Size that up to accommodate my TV, receiver, Xbox (about 10 amps of 110 or 1000 watts) and it will take about 20 feet by 10 feet. That's a quarter of my roof. Nevermind the heat, AC, lighting, fridge, stove, microwave.

Solar panels on roofs are not feasible because our roof is too small and we don't have $20,000 to waste on all the stuff you need for a system that won't power a third of our house, won't work at night and will break.

We need to quit wasting time on solar and wind and develop fusion. That is our only hope.

jafs 1 year, 4 months ago

Solar systems are practical for conservation minded folks.

We could set one up that would generate all the power we'd need, and we have all the modern conveniences like central air, dishwasher, washer/dryer, etc.

Grid tie systems use existing transmission lines, so you don't have to buy batteries, and night time isn't an issue - you just have to size the system so that it generates what you use overall. That means that it generates more than you use sometimes, and less other times, but it works out over time.

You can have them set up using free standing panels if your roof doesn't work.

kochmoney 1 year, 4 months ago

Just because it's not economically feasible for you at this very moment doesn't mean that it never will be.

Liberty275 1 year, 4 months ago

Actually, it is partially economically feasible for my garden. I can get enough power for my purposes for less than it would cost for me to get a licensed electrician to run 110 out to the garden. Also, 110 and wet ground don't play together well.

I had this lesson I taught about electricity as a GTA at KU. I'd bring in a car battery and bridge it with metal coat hangers - which would melt instantly. Then I'd offer extra credit for any student that would wet there hands and touch the post. It then degenerated into a fascinating lecture about potential and current and how to not kill yourself while working with electricity.

Back to the subject, it's easy for me and you to cut our power consumption to 2000 watts, but industry can't work on 2000 watts. It took a probably a million watts to build a dozen bikes like yours. Solar and wind can't do that. Nuclear is the only possible replacement for dinogas. Fission is bad, so we need to use that as a last resort. OTOH, Fusion is nice and clean.. The waste is helium I think. I was thinking water, but that is the waste from burning hydrogen.

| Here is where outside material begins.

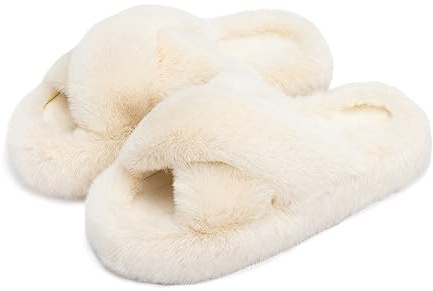 Chantomoo Damtofflor minnesskum hus sovrumstofflor för kvinnor luddig plysch bekväma fuskpälsfodrade glidskor halkfri sula trendiga presenttofflor Kors,Beige 36/37 EU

The money and time we waste developing wind and solar might be great for me and my garden, but on the national level, it's just wasting resources better spent on our undeniable future of fusion.

I think we should still heavily research your alternative energies, but we need to get serious and put a scalable infrastructure in place before everyone else's oil runs out and we have to start using more of our own.

roadwarrior 1 year, 4 months ago

I agree with all these comments about end user renewables. One of my joys regarding green energy was the expectation that we would lose the unsightly transmission lines that are so ugly cutting through our beautiful nation.